Opened 5 years ago
Last modified 4 years ago
#32492 closed New feature
Add django API for Postgres pg_trgm word_similarity, fuzzy full-text search. — at Initial Version
| Reported by: | Taneli | Owned by: | nobody |
|---|---|---|---|
| Component: | contrib.postgres | Version: | dev |
| Severity: | Normal | Keywords: | |
| Cc: | Paolo Melchiorre | Triage Stage: | Ready for checkin |
| Has patch: | yes | Needs documentation: | no |
| Needs tests: | no | Patch needs improvement: | no |
| Easy pickings: | no | UI/UX: | no |
Description
Use case: filter queryset by an inexact substring. For example, retrieve an object with the following headline ' Dogecoin is following bitcoin in its dramatic rise' when searching for 'dogge'.
Currently it is possible to filter a queryset on the basis of trigram similarity between the search string and full text stored in a column.
Author.objects.annotate(similarity=TrigramSimilarity('name', test),).filter(similarity__gt=0.3)
This is a wrapper around the similarity function of the pg_trgm extension. While it allows comparing full strings, i.e. searching for 'doge' would find 'dogs' or 'dogge' it is useless for fuzzy searching of substrings.
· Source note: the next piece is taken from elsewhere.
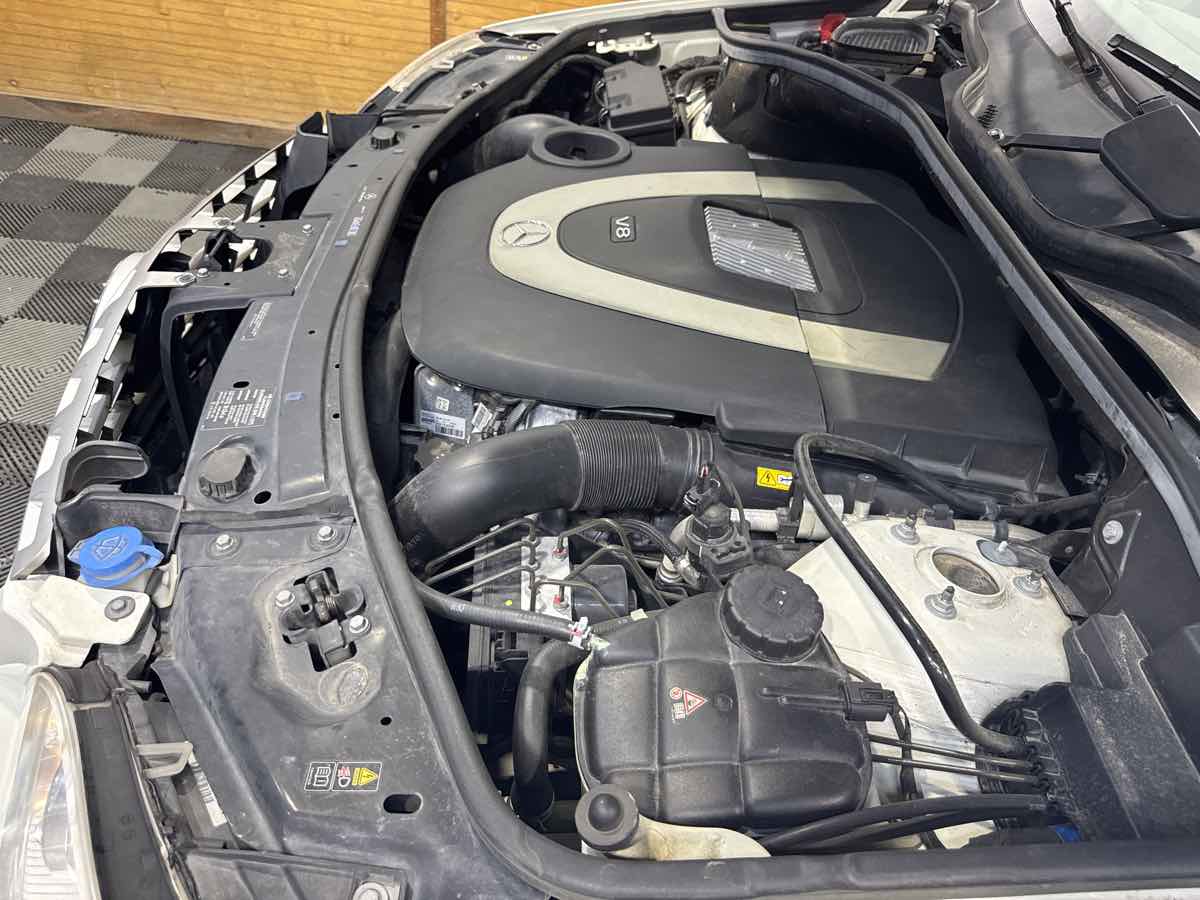 2010 Mercedes Benz ML 550 4MATIC photo 26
SELECT similarity('dogge', 'doge');
---------
0.57
SELECT similarity('dogge', 'dogecoin is following bitcoin');
------------
0.1
word_similarity does take into account the word boundaries
SELECT word_similarity('doge', 'dogecoin is following bitcoin');
--------------
0.5
Adding a django API to word_similarity would allow for better fuzzy fulltext search without a need to use either raw SQL or external tools like elasticsearch.